Gatti retoma la idea a través de los empleados que atienden a las mujeres que sufren abusos sexuales, de las cuales el 80 por ciento acude directamente a la comisaría. La mayoría son hombres. Allí, un verdadero agujero negro en la formación de los y las oficiales que atienden las denuncias. La Oficina de Delitos contra la Integridad Sexual actúa en la Ciudad de Buenos Aires y recogió la experiencia capacitando al personal. “Las brigadas móviles de atención a víctimas de violencia sexual trabajan para que sostengan la denuncia. Sostener la denuncia significa que si voy a la comisaría y quien está del otro lado del escritorio no me cree, o me hace preguntas imprudentes, que revictimizan, esa persona no vuelve nunca más. Costó mucho trabajo hacerle entender al personal que las mujeres no llegan con la cara desfigurada, o que una prostituta también puede ser víctima de una violación, o una mujer casada que se anima a denunciar al marido. En esa brecha trabajamos nosotros, y después están las fiscalías, que tienen que dar lugar a las denuncias. A mí un fiscal me ha llegado a decir ‘yo les hago muchas preguntas porque el juez quiere escuchar lo más asqueroso posible, y de esa manera hay menos posibilidades de que llame a declarar a la mujer’. Yo para mis adentros me preguntaba ‘¿hay menos o hay más?’. Porque el morbo también se lleva su tajada en esta historia. Los casos que llegan a los medios tienen el condimento de la alevosía: María Soledad Morales, Natalia Melman, Fabiana Gandiaga, Nora Dalmasso, Jimena Hernández son sólo algunos nombres de trascendencia pública. Una violación a secas, de las que ocurren todos los días, de esas no hay noticias en los medios”. “La única actitud que se tolera es volver la violencia contra una misma. Engordar veinte kilos, por ejemplo. Salirte del mercado sexual, porque has sido dañada. En Francia no se mata a las mujeres violadas pero se espera que sean ellas mismas las que tengan la decencia de señalarse como mercancías deterioradas”, dice Despentes. En Argentina, las mujeres que sobreviven a una violación nunca son conocidas públicamente, su testimonio permanece silenciado, salvo por los trabajos mencionados, donde la experiencia de campo consiguió dar una dimensión más real a la naturaleza de un hecho que se pretende irreversible para conveniencia de todos.
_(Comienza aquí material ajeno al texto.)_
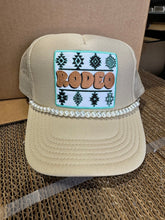 Load image into Gallery viewer, Pearl String Trucker Hat Chain
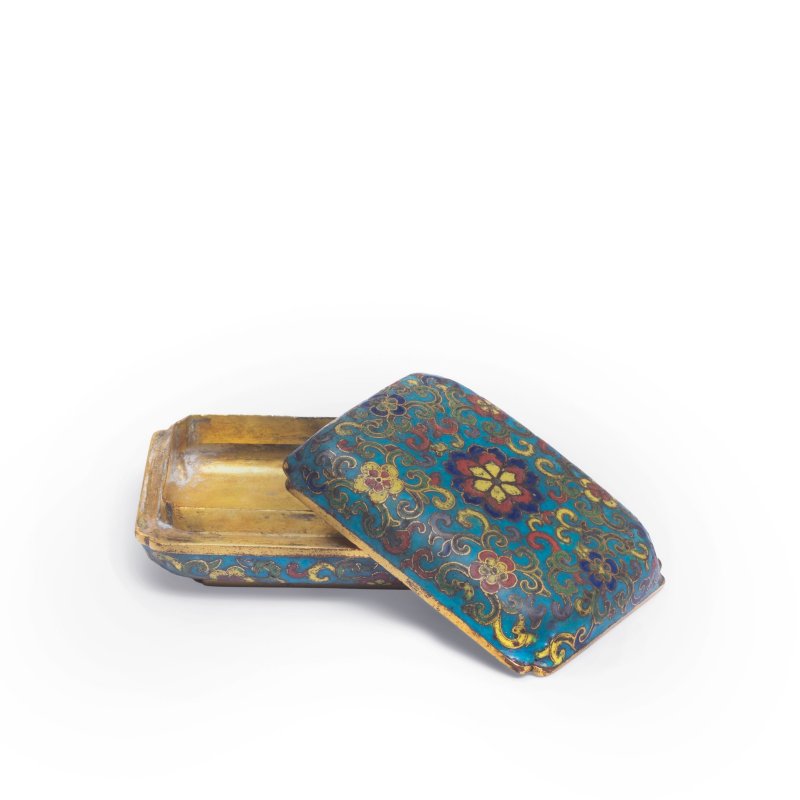 清乾隆 銅胎掐絲琺琅花卉紋蓋盒 | AN EXTREMELY RARE DOCUMENTARY SMALL GILT-BRONZE AND CLOISONNÉ ENAMEL BOX AND COVER - 图4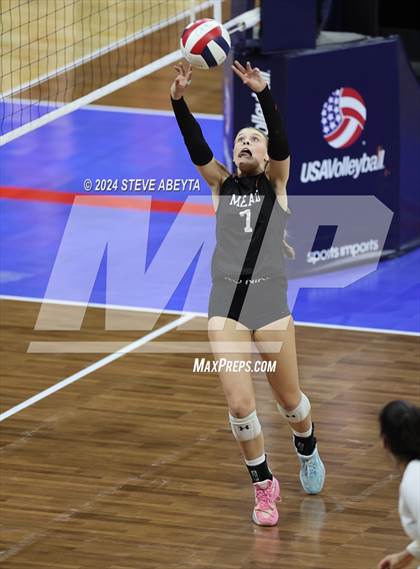 Thumbnail 1 in Montrose vs. Mead (CHSAA 4A 1st Round) photogallery.
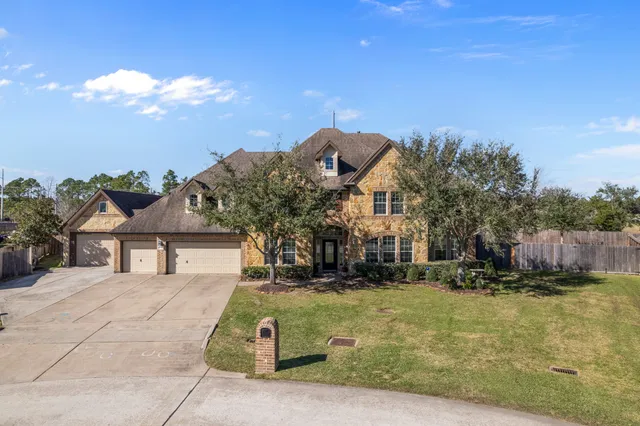 $1,299,000 | 2414 Lakeway Drive, Friendswood, TX 77546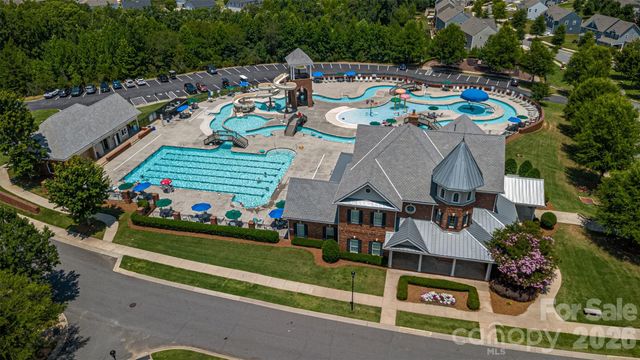 2705 Suffolk Place, Fort Mill, SC 29715
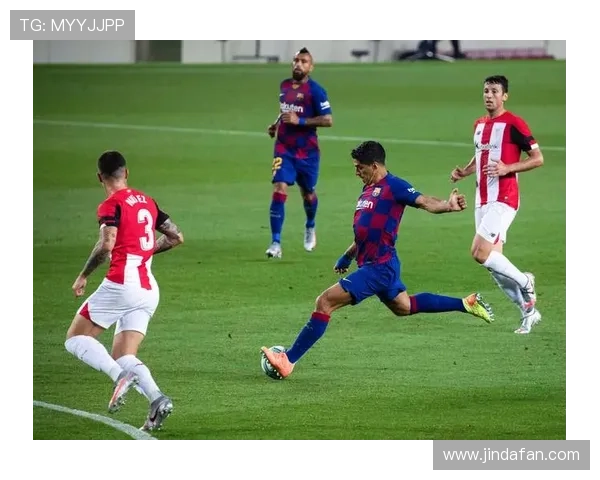 巴萨官方:费兰确认出战奥林匹亚科斯 克里斯滕森因病缺席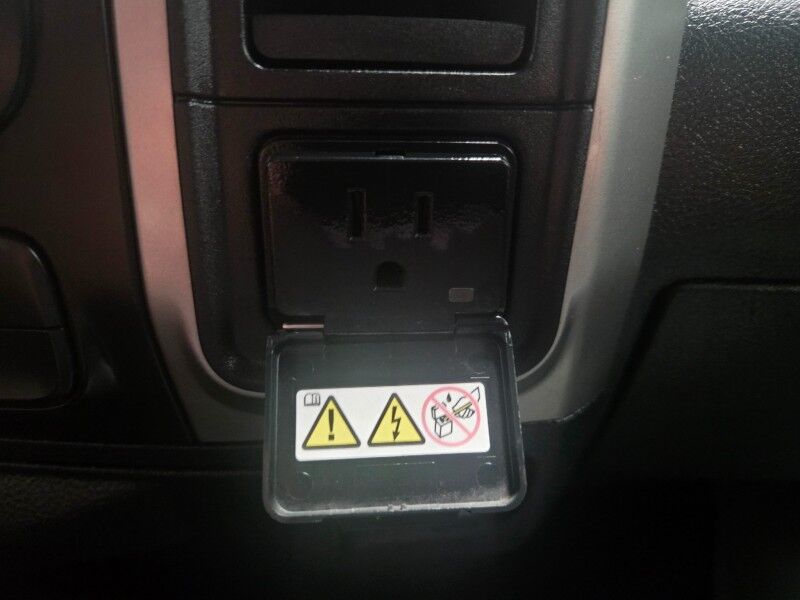 2017 Ram 2500 SLT 4WD 6.7L Diesel Ranch Hand Bumpers Goosneck Ball FREE WARRANTY Call (682)587-6288 Arlington TX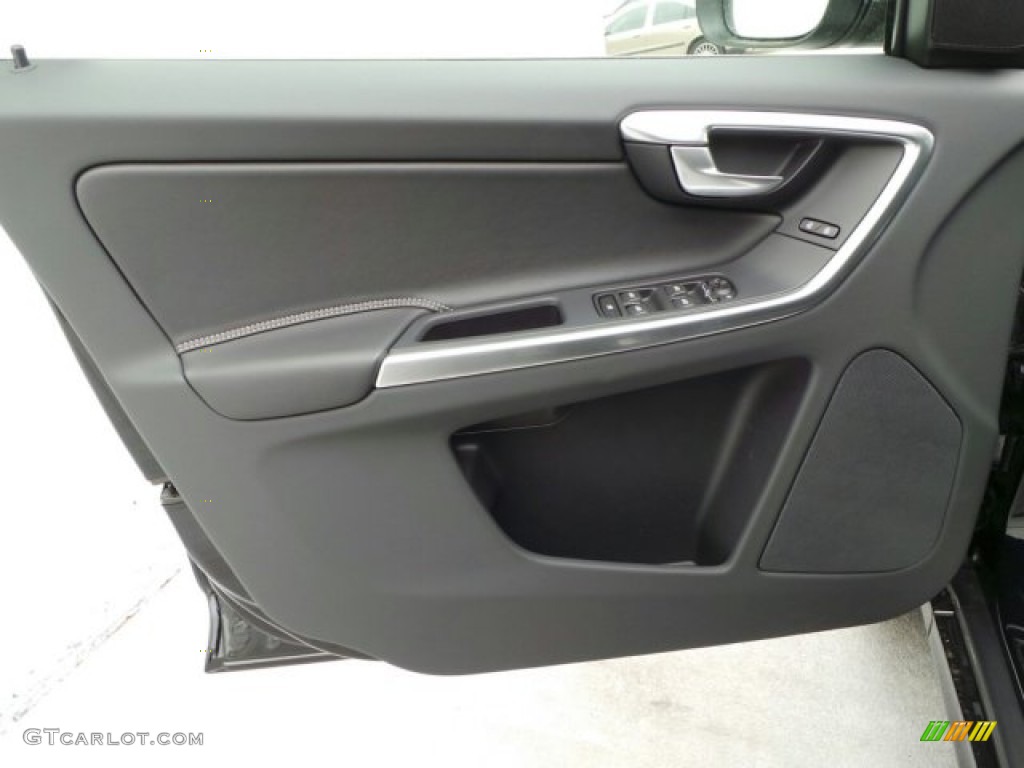 2015 Volvo XC60 T6 AWD R-Design R-Design Off Black Door Panel Photo #91878020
Alicia, a contramano del estereotipo, prefiere alertar a otras mujeres: “Yo les diría a otras chicas que se cuiden de todo pero a la vez que no se cuiden de nada. Porque yo no cambiaría un solo paso de los que di esa tarde y al final del día tenía que volver a casa. ¿Qué vas a hacer? ¿Encerrarte a mirar la tele hasta que nadie te desee? Me parece un pésimo plan”.